Received 1 September 2008; received in revised form 20 February 2009; accepted 24 February 2009.

^_* Corresponding author. Address: King Faisal Heart Institute (MBC 16), King Faisal Specialist Hospital and Research Center, P.O. Box 3354, Riyadh 11211, Saudi Arabia. Tel.: +966 1 464 7272x32076; fax: +966 1 442 7791. (Email: balsoufi{at}hotmail.com).

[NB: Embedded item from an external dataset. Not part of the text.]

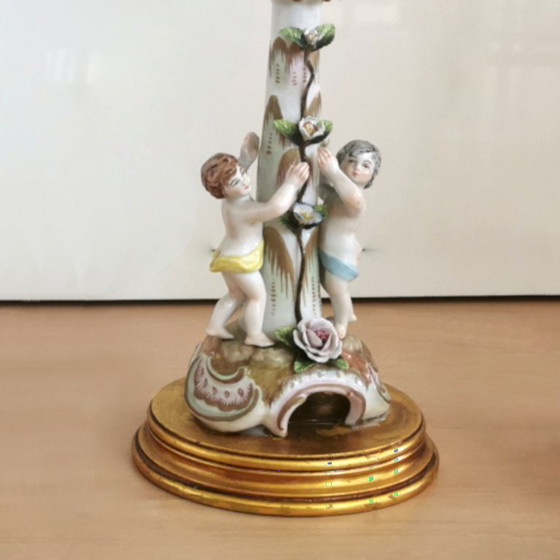 Image 1 of LAMPADE DA TAVOLO IN PORCELLANA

Objective: The ideal valve substitute in children does not exist. Biologic and bioprosthetic valves do not require anticoagulation, however their use is complicated by accelerated degeneration and requirement for reoperation. We examine results following mitral (MVR) or aortic (AVR) replacement with biologic and bioprosthetic valves at our institution. Methods: Medical records of children who underwent AVR or MVR from 1986 to 2006 were reviewed. Median follow-up duration was 10.5 years. Competing-risks methodology determined time-related prevalence and associated factors for three mutually exclusive end states: death, valve reoperation, and survival without subsequent reoperation. Results: One hundred and ten children (age 15.6 ± 2.6 years, 80% females) underwent 123 valve replacements with biologic and bioprosthetic substitutes including 87 MVR and 36 AVR (13 had both). Underlying pathology was mainly rheumatic fever (91%). Thirty-nine patients (35%) had undergone a previous cardiac surgery. Most common mitral substitute was Hancock (73%) and homograft (8%); most common aortic substitute was homograft (41%) and Carpentier–Edwards (39%). Competing-risks analysis showed that 15 years after valve replacement, 16% of patients had died without subsequent reoperation, 66% underwent valve reoperations, and only 18% remained alive without further reoperation. Factors associated with increased reoperation risk included younger age at surgery (p = 0.005), AVR (p = 0.005), male gender (p = 0.02) and homograft use (p = 0.007) especially in the mitral position (p = 0.002). Fifteen-year freedom from endocarditis was 97% while freedom from bleeding and thrombo-embolic complications was 100%. Majority of patients (95%) were in NYHA functional classes I/II at last follow-up. Conclusion: While valve reoperation is inevitable following AVR and MVR with biologic and bioprosthetic substitutes; favorable results such as low valve-related morbidity rate, good long-term survival and functional status encourage their consideration as valid replacement alternatives in selected children especially females. Valve durability is higher in the mitral position and longevity of bioprosthetic valves is greater than that of homografts especially in the mitral position.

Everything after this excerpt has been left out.